BEGIN Data records
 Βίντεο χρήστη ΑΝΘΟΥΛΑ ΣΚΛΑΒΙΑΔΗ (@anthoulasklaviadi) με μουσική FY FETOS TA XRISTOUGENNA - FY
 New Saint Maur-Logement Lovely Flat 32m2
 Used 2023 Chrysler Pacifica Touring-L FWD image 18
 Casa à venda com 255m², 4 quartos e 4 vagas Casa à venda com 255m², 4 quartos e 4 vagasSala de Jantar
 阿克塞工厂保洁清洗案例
END Data records
BEGIN Data records
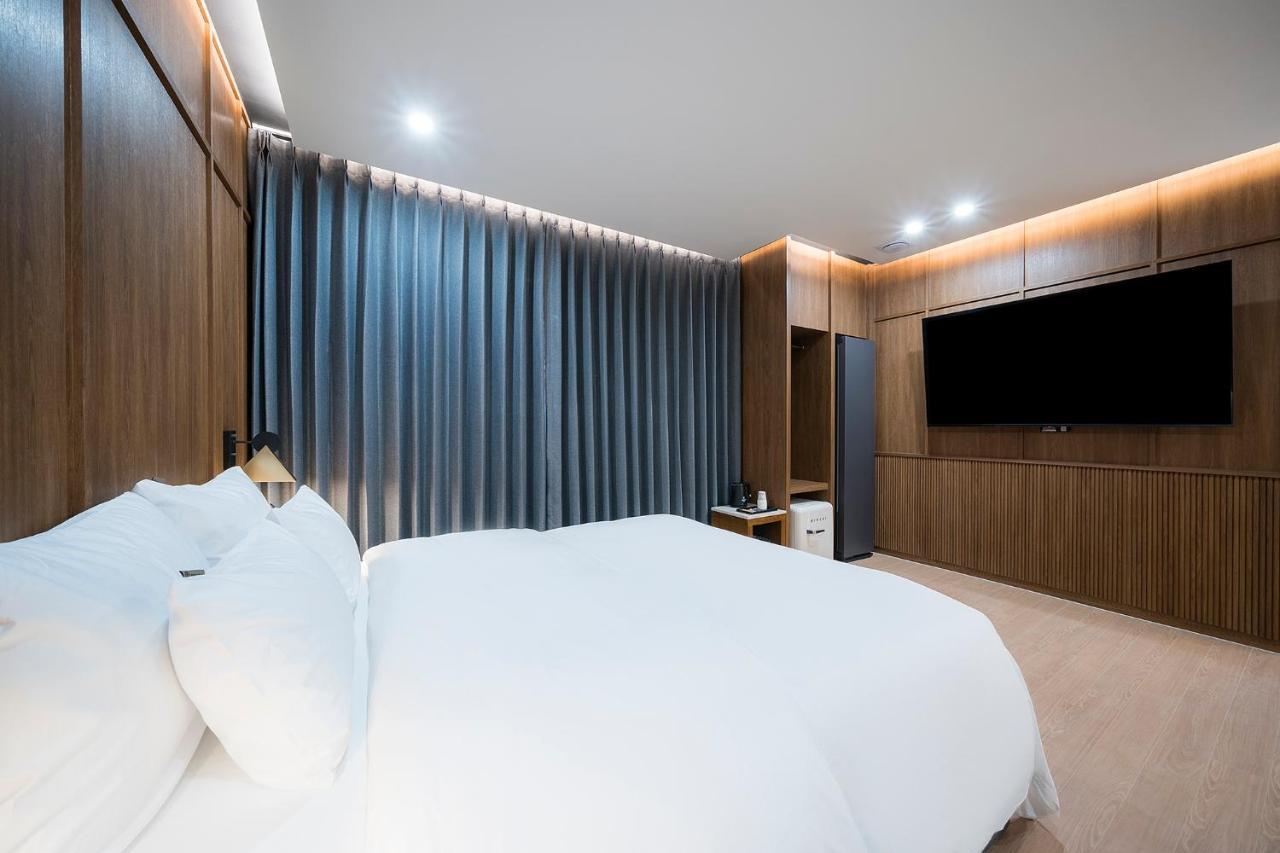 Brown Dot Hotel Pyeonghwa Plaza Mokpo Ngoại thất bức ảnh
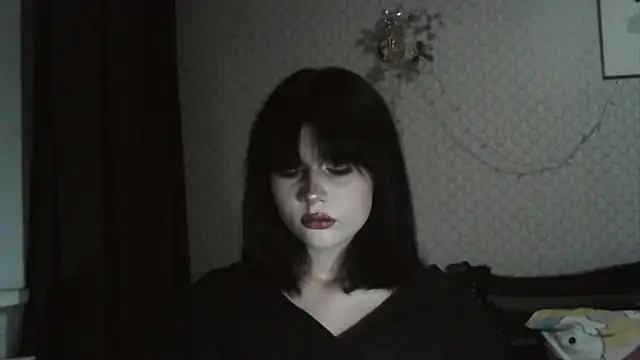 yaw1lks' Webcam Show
END Data records
What the exercise asks. Please give an exact copy of the entries above, from the line with "New Saint Maur-Logement Lovely Flat 32m2" down to the line with "阿克塞工厂保洁清洗案例", inclusive, and nothing else.

Finished exercise.
 New Saint Maur-Logement Lovely Flat 32m2
 Used 2023 Chrysler Pacifica Touring-L FWD image 18
 Casa à venda com 255m², 4 quartos e 4 vagas Casa à venda com 255m², 4 quartos e 4 vagasSala de Jantar
 阿克塞工厂保洁清洗案例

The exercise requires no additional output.